Lucas Pusineri aún es una incógnita como entrenador a la hora de lograr tan trabajosa tarea, teniendo en cuenta a su vez el difícil contexto económico en el que se encuentra la institución de Avellaneda. Llegaron refuerzos, los juveniles adquieren un buen nivel, y las posibilidades comienzan a abrirse camino entre varios semestres para el olvido.

Al comenzar la noche de jueves, con un estadio Libertadores de América renovado (luminaria led y los nuevos nombres de sus míticas cabeceras: Pavoni – Santoro), todo comenzó a volverse coherente con lo que era visible en la previa del encuentro: trámite disputado en la mitad del campo y especulación por parte de ambos técnicos en torno a posible contra-ataques verticales dirigidos al arco rival. Atlético parecía tener la iniciativa, de la mano de un muy metido Franco Mussis, a la par de un «bebe» Acosta distinguido, y un Lucas Melano activo en la zona de ataque, dispuesto a forzar una jugada peligrosa que desembocara en los botines del siempre oportunista del gol, Javier Toledo.

El «Rojo» respondía dinámicamente en cada contragolpe: la velocidad de Menéndez y Velasco por las bandas complicaron en demasía a los laterales visitantes. Poco a poco el equipo local encaminaba el trámite a su favor, con un Silvio Romero inteligente para pivotear y abrir el juego, en conjunto con Fabricio Bustos como principal arma de ataque a la hora de atacar por la derecha. El gol llegó desde los doce pasos: a los 27 minutos del pitazo inicial, el árbitro concedió un penal a favor de Independiente, que el capitán Silvio «Chino» Romero convirtió rápidamente en un grito sagrado de gol (esperado durante meses por los simpatizantes de los denominados «Reyes de Copas») que retumbó en los alrededores de Avellaneda.

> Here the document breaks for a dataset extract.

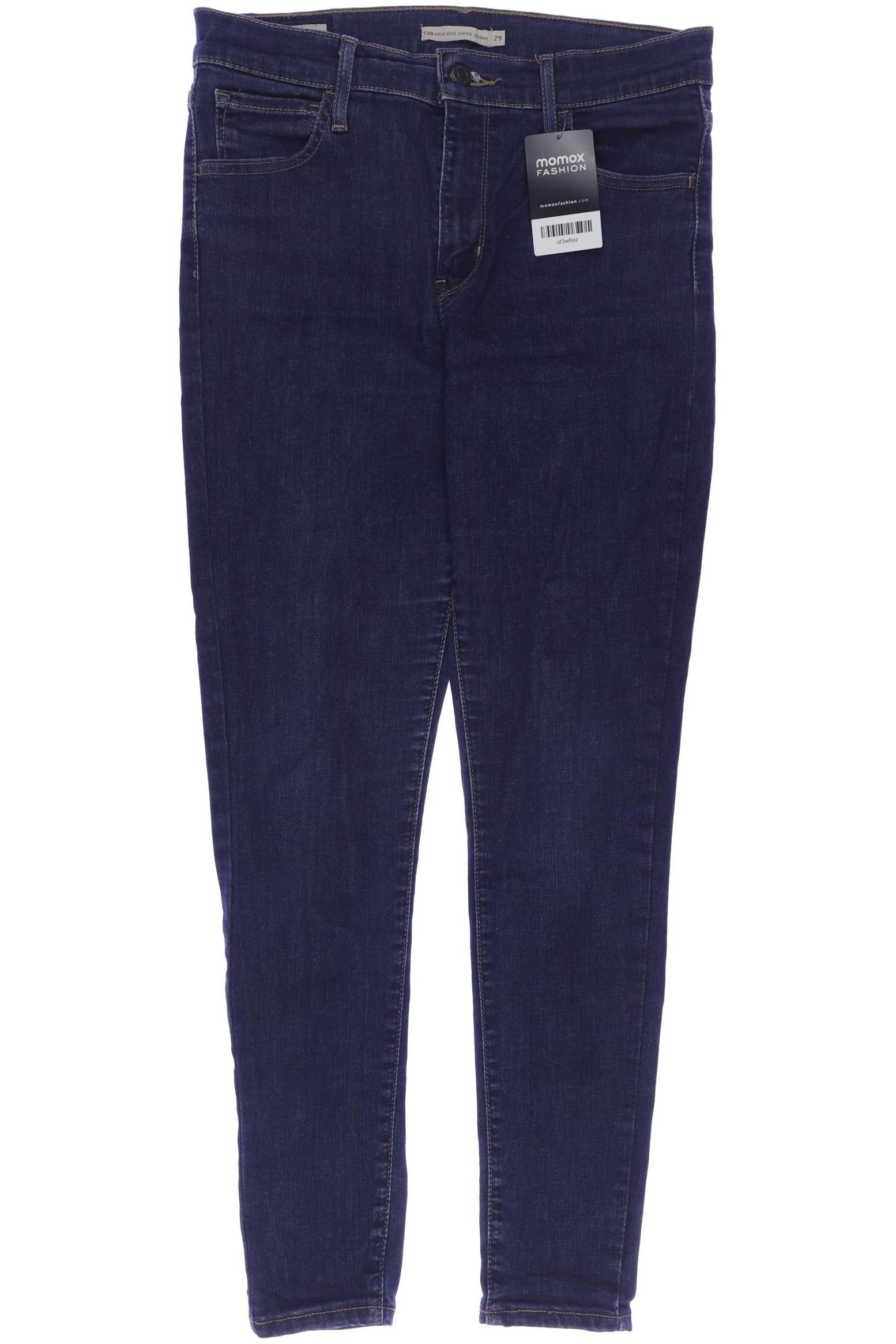 

Levis Damen Jeans, marineblau, Gr. 29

Sobre el final de la primera etapa (y comienzo de la segunda), las desconcentraciones defensivas se volvieron demasiado comunes para el juego propuesto por los de Pusineri, que sufrieron en varias ocasiones llegadas determinantemente peligrosas y dejaron en evidencia la falta de mayor trabajo de contención en la mitad del campo. Ante esta situación, el arquero Sebastián Sosa demostró grandes aptitudes en su debut con el buso de arquero del «Rojo»: atajadas que podrían definir la serie y una voz de mando destacada dentro del verde césped.

El complemento comenzó con la expulsión de Ramiro Carrera en el «Decano», por doble amarilla, luego de una dura entrada hacia Pablo «Tucu» Hernández cuando Independiente intentaba salir desde el fondo. Hecho que condicionó el partido de cara a un complemento realmente anecdótico en cuanto a lo estadístico: escasas llegadas por parte de ambos equipos, y poco fútbol. Los locales tuvieron oportunidad de llevarse una diferencia mayor en el marcador en base a una marcada superioridad numérica, pero no supieron aprovecharlo (aunque ganar conservando el cero en la valla propia siempre es un buen resultado). ¿La vuelta? el jueves 5/11 a las 21:30 en el Monumental José Fierro: un partido para no perderse bajo ningún concepto.